Pour les besoins de la cause, la révolution française de 1789 est convoquée, ce qui n’a pas toujours été le cas si on se souvient de la campagne hostile et des railleries des mêmes cercles contre les « Gilets jaunes », lorsque ceux-ci revendiquaient leur filiation à 1789. Il est cette fois-ci affirmé sans cesse, sur tous les médias, que la révolution de 1789, a institué un « droit au blasphème ». Or ça n’est pas vrai. La révolution française a supprimé « le délit de blasphème », ce qui est tout autre chose, tout en précisant que « nul ne doit être inquiété pour ses opinions, même religieuses, pourvu que leur manifestation ne trouble pas l’ordre public établi par la loi  » (article 10 de la déclaration des droits de l’homme et du citoyen de 1789).

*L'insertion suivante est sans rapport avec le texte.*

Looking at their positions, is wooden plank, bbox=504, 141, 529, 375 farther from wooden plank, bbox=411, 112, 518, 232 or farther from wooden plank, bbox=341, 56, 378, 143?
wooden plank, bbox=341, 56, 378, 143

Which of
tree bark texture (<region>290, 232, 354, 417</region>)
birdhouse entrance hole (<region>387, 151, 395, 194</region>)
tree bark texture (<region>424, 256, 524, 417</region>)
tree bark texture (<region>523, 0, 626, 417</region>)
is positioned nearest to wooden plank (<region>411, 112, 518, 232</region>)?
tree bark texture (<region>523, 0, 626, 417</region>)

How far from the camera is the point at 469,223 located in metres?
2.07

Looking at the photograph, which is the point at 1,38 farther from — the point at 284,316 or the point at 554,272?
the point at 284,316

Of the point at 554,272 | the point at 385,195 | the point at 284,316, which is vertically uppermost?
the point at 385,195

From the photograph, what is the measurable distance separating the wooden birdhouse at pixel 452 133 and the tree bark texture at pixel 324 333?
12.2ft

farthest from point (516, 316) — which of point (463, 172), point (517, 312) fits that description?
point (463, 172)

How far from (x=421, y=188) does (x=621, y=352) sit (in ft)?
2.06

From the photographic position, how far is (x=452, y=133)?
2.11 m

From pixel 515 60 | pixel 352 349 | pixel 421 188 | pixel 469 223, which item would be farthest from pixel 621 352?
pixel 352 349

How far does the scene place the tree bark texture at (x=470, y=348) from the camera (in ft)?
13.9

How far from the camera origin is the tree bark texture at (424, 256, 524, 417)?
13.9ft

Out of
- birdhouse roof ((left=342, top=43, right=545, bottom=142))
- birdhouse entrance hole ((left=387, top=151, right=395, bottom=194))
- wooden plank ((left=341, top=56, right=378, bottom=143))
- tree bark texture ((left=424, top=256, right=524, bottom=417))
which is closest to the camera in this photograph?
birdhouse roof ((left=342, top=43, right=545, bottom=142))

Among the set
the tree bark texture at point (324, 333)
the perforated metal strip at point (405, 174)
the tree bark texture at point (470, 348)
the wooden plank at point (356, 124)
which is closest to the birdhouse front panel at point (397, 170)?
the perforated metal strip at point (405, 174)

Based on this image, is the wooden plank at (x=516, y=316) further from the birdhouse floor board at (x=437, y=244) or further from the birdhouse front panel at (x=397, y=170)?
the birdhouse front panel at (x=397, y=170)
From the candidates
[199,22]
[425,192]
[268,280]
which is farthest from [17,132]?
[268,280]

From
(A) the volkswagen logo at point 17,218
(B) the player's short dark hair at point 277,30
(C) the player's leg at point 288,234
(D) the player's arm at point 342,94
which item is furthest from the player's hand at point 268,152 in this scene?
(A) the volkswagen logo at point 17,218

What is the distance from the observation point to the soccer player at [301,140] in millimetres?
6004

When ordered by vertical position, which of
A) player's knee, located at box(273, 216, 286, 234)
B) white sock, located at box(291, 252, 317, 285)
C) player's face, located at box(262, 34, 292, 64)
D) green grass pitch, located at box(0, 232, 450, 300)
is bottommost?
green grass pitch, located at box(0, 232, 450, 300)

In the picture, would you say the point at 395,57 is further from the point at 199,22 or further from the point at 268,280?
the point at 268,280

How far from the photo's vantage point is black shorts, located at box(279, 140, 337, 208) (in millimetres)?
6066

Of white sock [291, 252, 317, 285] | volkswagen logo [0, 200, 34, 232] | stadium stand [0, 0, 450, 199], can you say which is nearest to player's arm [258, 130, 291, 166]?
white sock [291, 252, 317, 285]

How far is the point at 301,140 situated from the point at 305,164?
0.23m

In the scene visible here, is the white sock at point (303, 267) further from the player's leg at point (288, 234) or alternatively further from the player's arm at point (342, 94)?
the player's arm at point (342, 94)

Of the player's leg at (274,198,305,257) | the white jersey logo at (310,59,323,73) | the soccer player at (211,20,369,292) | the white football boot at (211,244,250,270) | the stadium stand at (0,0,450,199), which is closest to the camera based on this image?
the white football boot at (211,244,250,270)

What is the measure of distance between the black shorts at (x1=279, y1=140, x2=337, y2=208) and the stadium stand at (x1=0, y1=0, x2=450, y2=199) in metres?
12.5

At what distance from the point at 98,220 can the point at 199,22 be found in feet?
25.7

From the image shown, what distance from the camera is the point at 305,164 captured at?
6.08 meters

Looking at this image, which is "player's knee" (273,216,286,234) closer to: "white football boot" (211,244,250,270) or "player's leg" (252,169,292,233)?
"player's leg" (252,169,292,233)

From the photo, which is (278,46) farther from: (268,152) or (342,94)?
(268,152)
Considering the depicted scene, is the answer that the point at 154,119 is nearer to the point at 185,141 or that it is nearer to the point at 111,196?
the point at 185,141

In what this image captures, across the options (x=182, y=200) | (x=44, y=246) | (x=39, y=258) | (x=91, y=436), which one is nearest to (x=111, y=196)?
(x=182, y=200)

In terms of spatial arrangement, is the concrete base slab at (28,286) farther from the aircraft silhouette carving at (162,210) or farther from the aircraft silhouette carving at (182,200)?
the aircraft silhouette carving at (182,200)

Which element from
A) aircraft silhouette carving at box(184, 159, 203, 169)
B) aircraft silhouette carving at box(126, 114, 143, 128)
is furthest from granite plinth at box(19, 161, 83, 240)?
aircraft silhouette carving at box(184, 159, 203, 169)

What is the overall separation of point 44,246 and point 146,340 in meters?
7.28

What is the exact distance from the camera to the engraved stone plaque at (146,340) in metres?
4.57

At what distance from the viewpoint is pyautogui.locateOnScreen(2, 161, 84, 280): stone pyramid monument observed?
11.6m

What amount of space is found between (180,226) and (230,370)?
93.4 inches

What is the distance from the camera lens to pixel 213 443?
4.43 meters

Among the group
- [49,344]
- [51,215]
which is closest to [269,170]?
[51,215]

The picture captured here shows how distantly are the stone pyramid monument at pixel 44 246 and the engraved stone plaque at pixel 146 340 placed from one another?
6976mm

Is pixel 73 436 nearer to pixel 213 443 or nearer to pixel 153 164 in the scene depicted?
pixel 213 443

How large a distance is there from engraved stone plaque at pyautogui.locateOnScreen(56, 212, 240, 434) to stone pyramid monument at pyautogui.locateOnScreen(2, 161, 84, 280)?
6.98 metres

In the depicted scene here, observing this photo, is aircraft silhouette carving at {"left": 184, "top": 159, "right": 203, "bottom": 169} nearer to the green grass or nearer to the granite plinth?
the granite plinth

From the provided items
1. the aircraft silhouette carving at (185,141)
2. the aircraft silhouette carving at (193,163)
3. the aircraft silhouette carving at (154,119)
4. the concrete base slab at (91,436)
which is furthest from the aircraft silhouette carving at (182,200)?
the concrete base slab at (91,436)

On voit donc ce glissement qui s’opère aujourd’hui, comme souvent dans un artifice idéologique, entre la notion de délit et celle de droit. C’est une vaste entreprise de désinformation à laquelle participe aussi des intellectuels et des leaders politiques. « Liberté que de crimes on commet en ton nom », pourrait-on dire alors.

Le bateau ivre

Dans le discours dominant actuel en France, la liberté est présentée, comme une fin en soi. Elle est comme un bateau ivre, dérivant sur la mer, n’ayant d’autre destination, d’autre raison d’être que lui même. Mais la liberté, pour quoi, pour quelles raisons, quels desseins, quels buts. La liberté de tuer, de dominer, d’insulter, d’humilier, d’abaisser, d’exploiter, de faire le mal ?

Une question essentielle est alors éludée, celle des limites à la liberté. Toute chose ne peut exister que si elle a des limites : les pays, et là cela s’appelle des frontières, le système solaire, les galaxies, les atomes, le corps de chacun, la vie elle-même. La liberté, aussi, comme tout ce qui est, n’a d’existence que si elle a des limites.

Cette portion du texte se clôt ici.